Jordan Scales
Jordan Scales

Reputation: 2717

Managing a mutex in shared memory

I'm attempting the simple task of creating a mutex in shared memory. I have the following code to declare a section of shared memory, and attach it to an int*.

int *mutex;

// allocate shared memory for mutex
if ((shmid2 = shmget(IPC_PRIVATE, 4, IPC_CREAT | 0666)) < 0) {
  printf("Could not allocate shared memory for mutex: %d.\n", errno);
  exit(errno);
}

if ((mutex = shmat(shmid2, NULL, 0)) == (int*)-1) {
  printf("Could not attach shared memory for mutex: %d\n", errno);
  exit(errno);
}

// set the mutex to one
mutex[0] = 1;

Now, I attempt to define a critical section, surrounded by locking and unlocking the mutex. (Inside of one of many child processes).

while (*mutex == 0) ;
mutex[0] = 0;

// critical section

...

// end critical section

mutex[0] = 1;

However, I'm finding that this technique does not work, and two child processes can enter the critical section simultaneously, without much issue (it happens very often).

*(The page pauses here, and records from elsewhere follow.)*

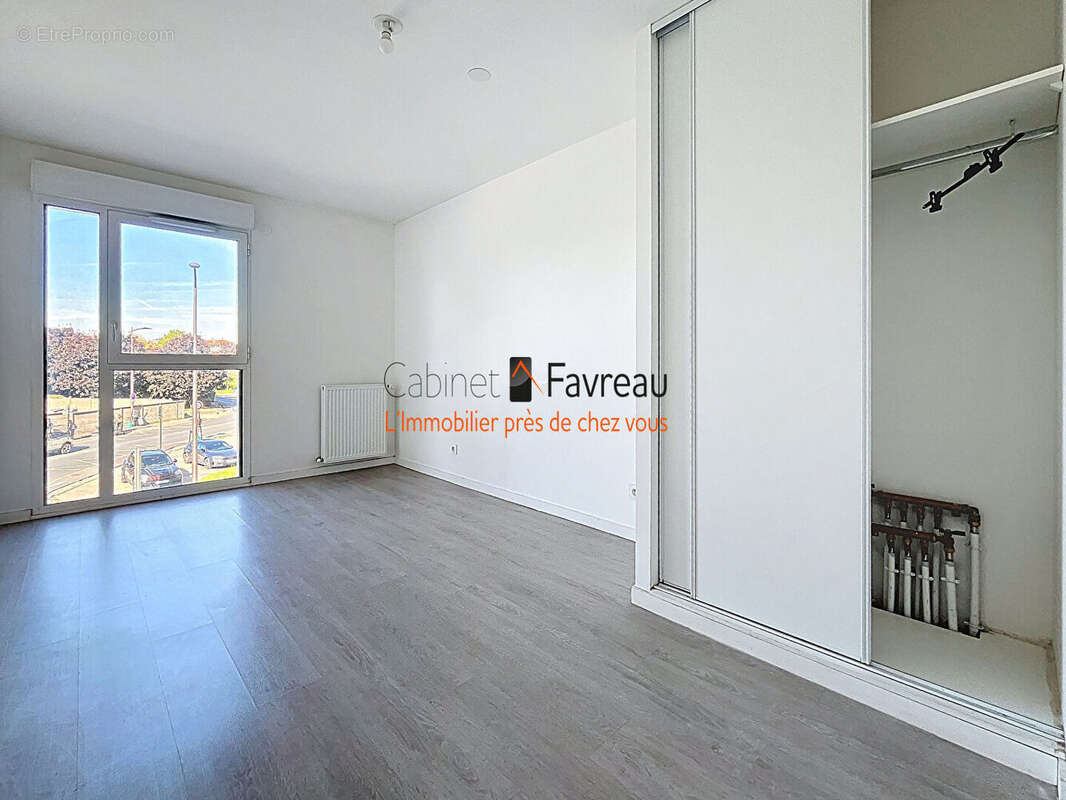 Appartement à THIAIS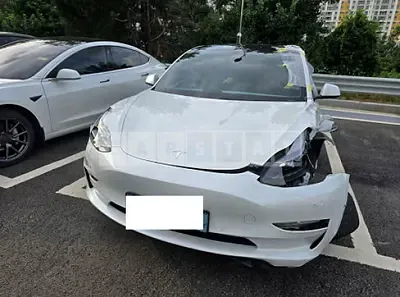 Photo 1 of 13: 2021 Tesla Model 3 LongRange, VIN 5YJ3E1EB0MF010761 — Korean insurance auction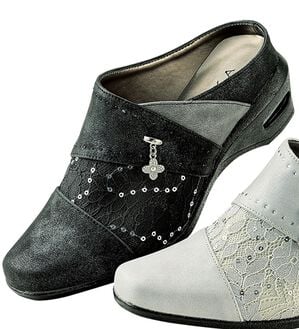 BELLUNA（ベルーナ）の「４Ｅ揺れるチャームレース切替ミュール（サンダル・ミュール）」｜ブラック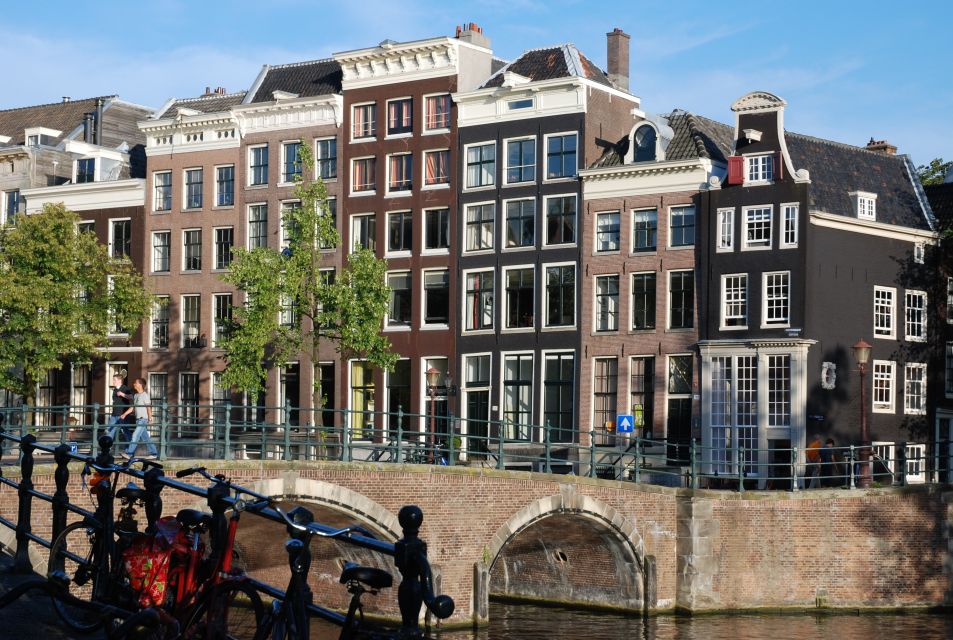 Amsterdam: Stedelijk Museum and 1-Hour Canal Cruise - Canal Cruise Details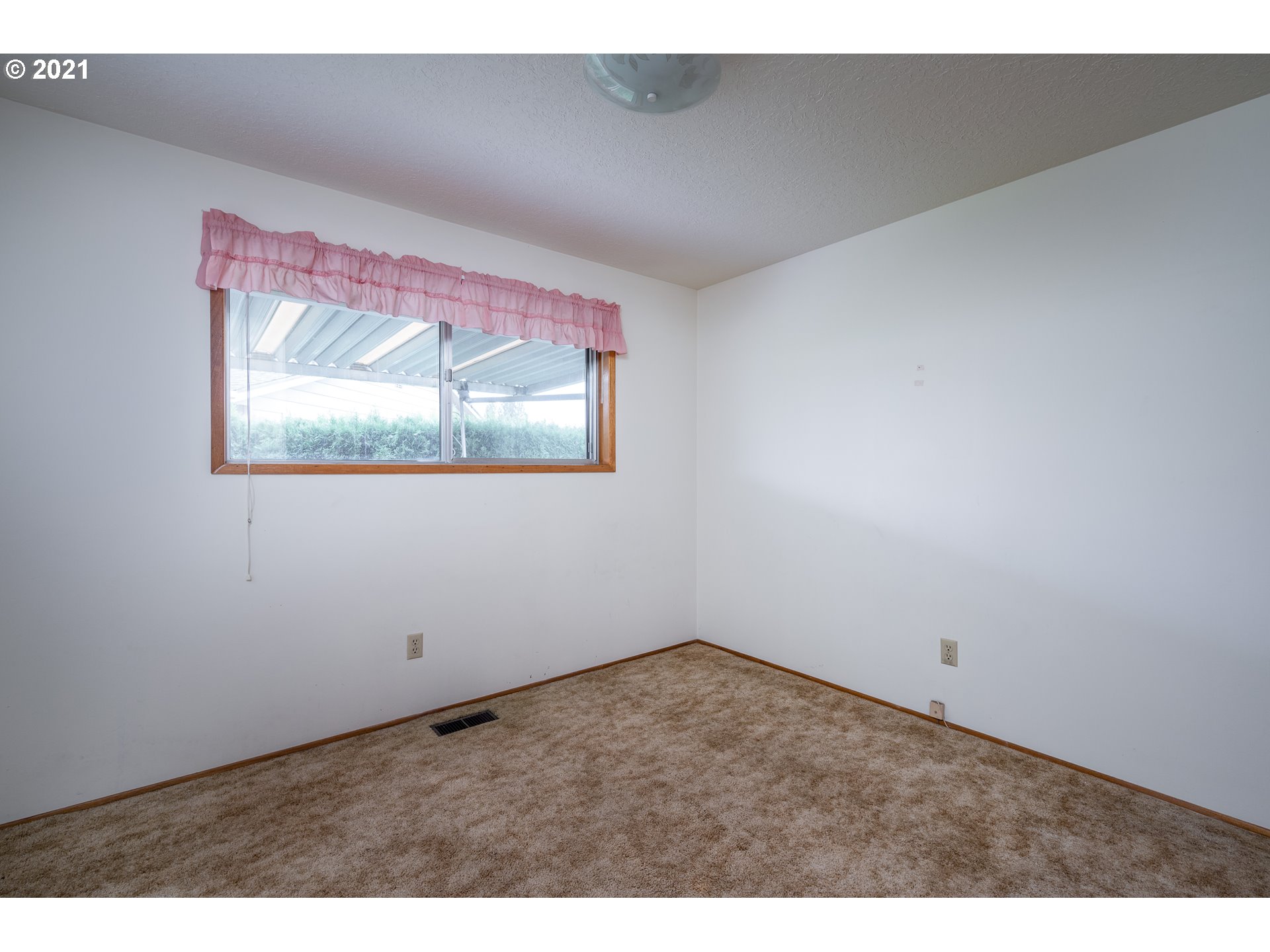1249 Stanfield Road Woodburn, OR 97071 - Photo 11 of 21 Gallery Image 11
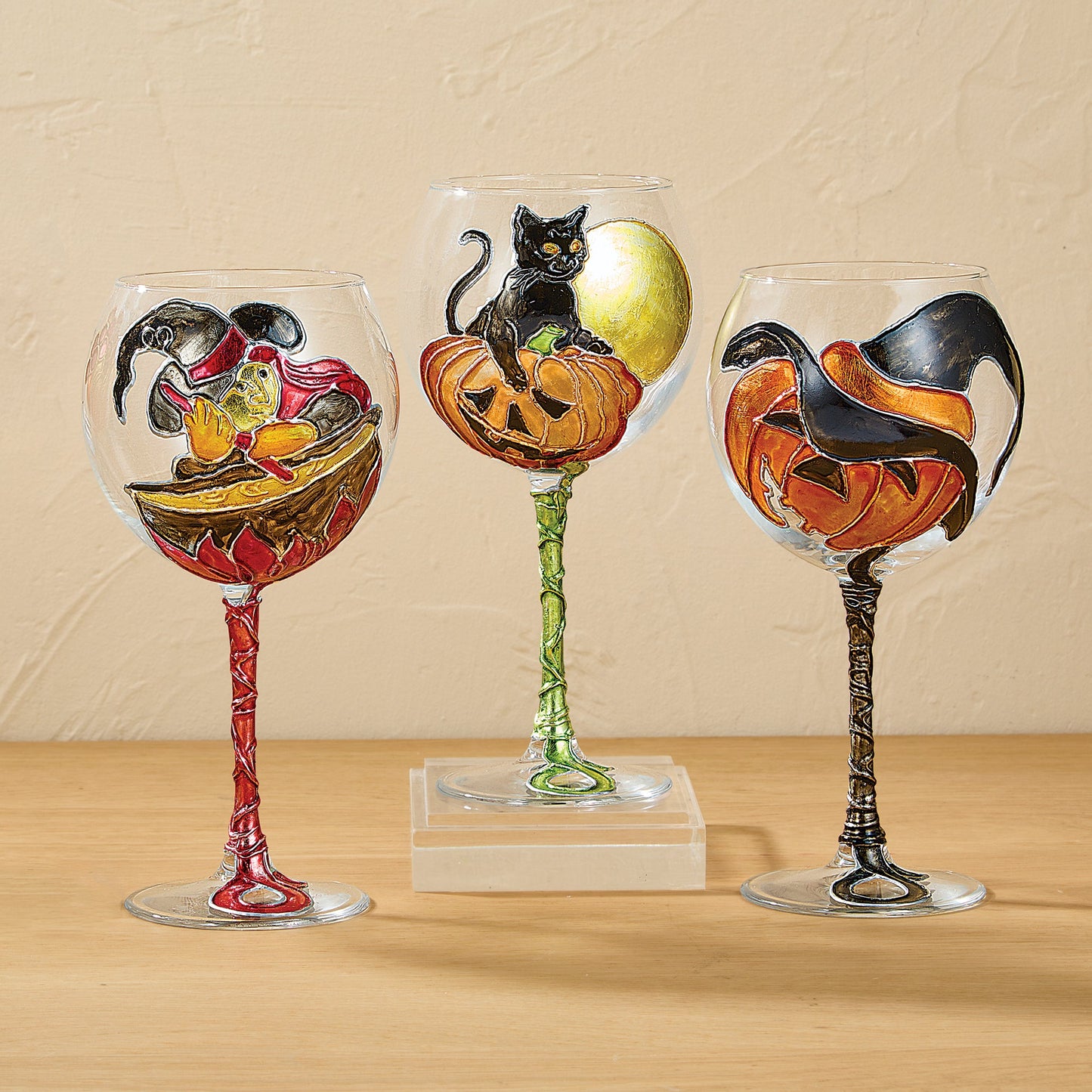 Hand-Gilded Diva Cat on Pumpkin Wine Glass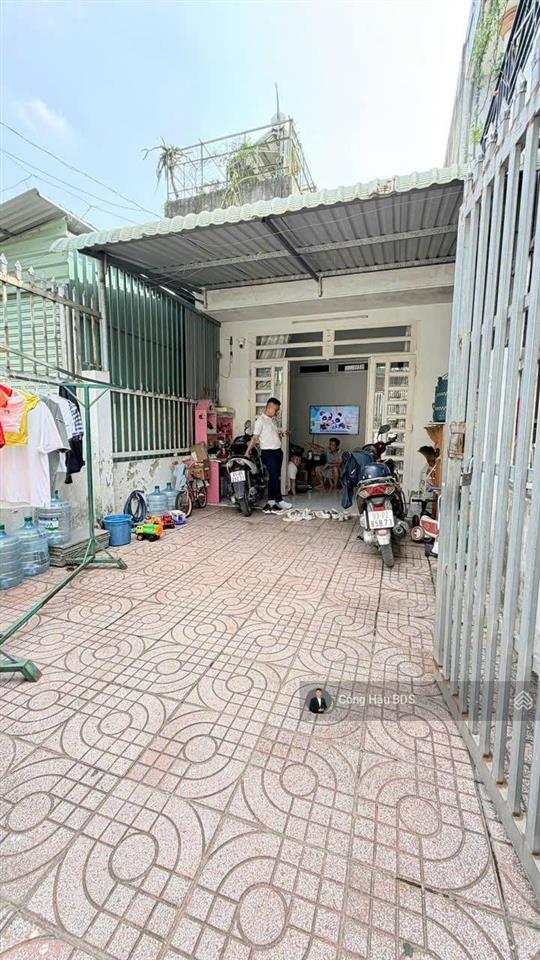 Nhà riêng 2 phòng ngủ. gần làng dhqg tp.hcm. dt 87.2m2. odt 60m2. đường ô tô. giá 3.75 tỷ
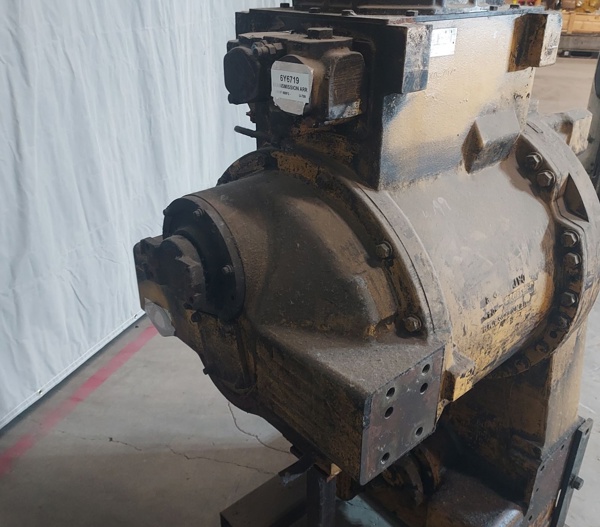 Used TRANSMISSION ARR 6Y6719 3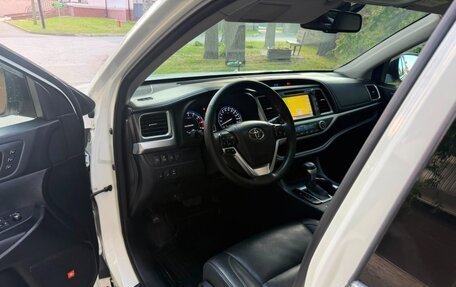 Toyota Highlander III, 2015 год, 3 500 000 рублей, 9 фотография
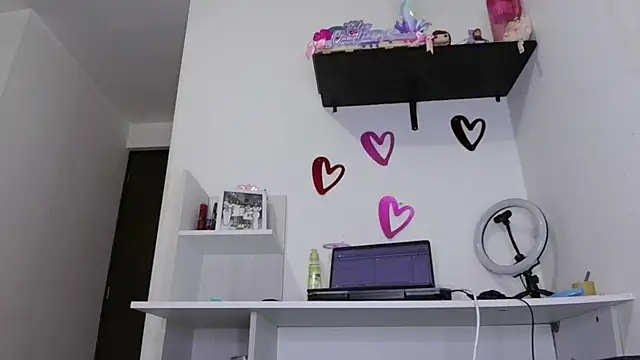 ari sexy1 online show from October 1, 2025, 3:23 am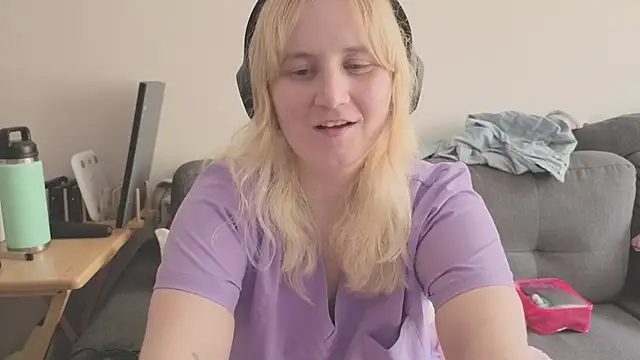 Glitch Witch online show from July 18, 5:42 pm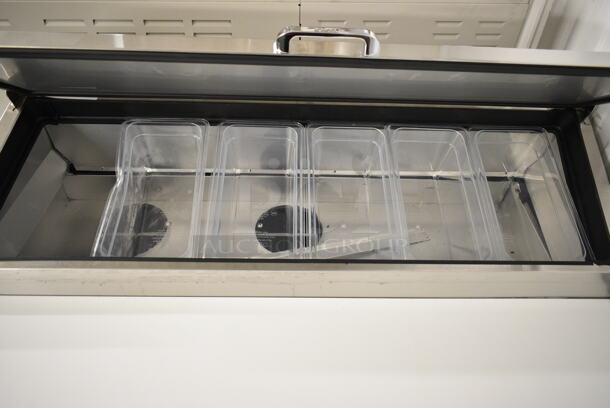 BRAND NEW SCRATCH AND DENT! 2024 True TPP-AT-44D-2-HC Stainless Steel Commercial 44 5/8" Refrigerated Pizza Prep Table with Two Drawers. 115 Volts, 1 Phase. Tested and Working! - Image 6 of 11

So I'm wondering what I can do to fix this, without the use of pthreads.

Upvotes: 1

Views: 1536

Answers (1)

user149341
user149341

Reputation:

Your options are:

  1. Use POSIX semaphores instead of trying to implement them yourself with shared-memory spinlocks. See the documentation for semop (2) and related functions for details.

  2. If you must use shared-memory semaphores, you will need to use an atomic compare/exchange. Otherwise, two processes can both simultaneously see *mutex == 0 and set it to 1 at the same time, without "noticing" that the other process is doing the same thing.